In less than two weeks a judicial review will consider whether McKinnon, who has Asperger's syndrome, is too unwell to cope with the trial and possible imprisonment. His lawyers are lobbying Theresa May, the new Home Secretary, asking her to save him from extradition.

Here, in his own words via email – with the help of his mother, Janis Sharp – McKinnon gives IoS readers an insight into how he feels after a four-year legal battle to stay out of the hands of the US authorities.

How are you feeling about the upcoming judicial review?

Nervous. Especially as the judge has been changed from Justice Mitting who sounded like a fair man, to two other judges, one of whom previously worked for the Treasury.

How do you spend your time?

In a state of constant stress. It's impossible to be motivated or to plan anything. Constantly wishing I could get out of my own skin.

What concerns you most?

Being alone in another country with a different culture and no family or friends near you or able to visit you is a terrifying prospect. Being dragged from my own home and country to a place I've never been in is terrifying in itself and is against the rules of our Magna Carta, which states that British citizens have a right to be tried by a jury of their peers. My peers are in the UK and this is where I should be tried. Look up the extreme conditions in those prisons and at what the ACLU (American Civil Liberties Union) say about those prisons and tell me that you wouldn't be terrified.

What do you want to say to the judges deciding your case?

Cyberspace doesn't exist any more than never-never land. I was no more in America than anyone who is on a long-distance telephone call. The fiction of cyberspace should be properly tested in a British court because it is no more real than Santa Claus. They cannot "return" me to a country I wasn't in, yet they continually refer in court to "returning me". If I was being returned to the place where my crime was committed, I would be returned to Crouch End. I am not a fugitive, I was physically in North London and have remained in North London.

Don't you think you should be punished for what you did?

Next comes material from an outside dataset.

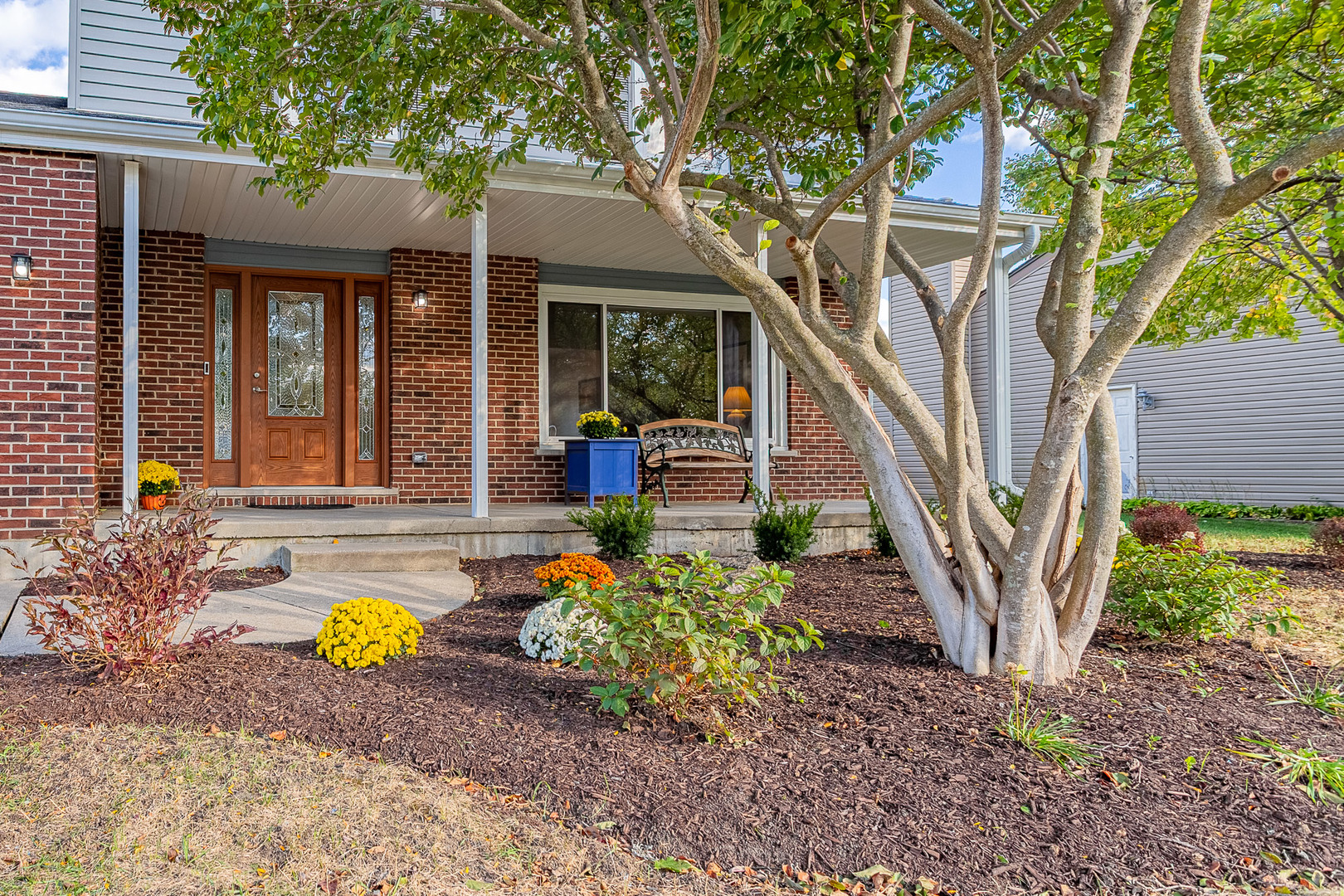 725 BISMARK Court, Elk Grove Village, IL 60007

I have been punished much more than I would have been had I committed a heinous crime. It's impossible to explain what eight years of heightened, constant stress does to you. I have lost eight years of my life and my parents have lost eight years of their lives. We live with this 24 hours a day and can barely think of anything else and it's impossible to plan anything or to feel happy when you know what might lie ahead.

So, what punishment would be appropriate?

A punishment proportionate to the crime and consistent with other accused hackers in the UK, including those accused of hacking into the Pentagon. As Robert Gates from the Pentagon said: 300 people a day still infiltrate Nasa and US military computers. There have been no other extradition requests from the US for any other hackers in the world, including a Romanian hacker who hacked into the Pentagon and was sentenced to eight months in Romania, and an Israeli hacker who hacked into the Pentagon and was not even given a sentence and no extradition request.

What were you looking for at Nasa?

Suppressed evidence of reverse engineered UFO technology, free energy that would help to stop climate change and would help to stop old age pensioners from dying of cold... and also evidence of anti-gravity.

What did you find?

A space fleet and an impressive UFO and a total lack of Nasa and military internet security, which I found truly shocking which is why I alerted them via cyber notes.

How do you feel about the internet now?

I was arrested in March 2002 and was allowed to remain on the internet until June 2005, which shows that my presence on the internet was not considered any risk whatsoever. Only after the US requested my extradition several years later once the UK was using the one-sided extradition treaty where no evidence was required to extradite any UK citizen was I told not to use the internet.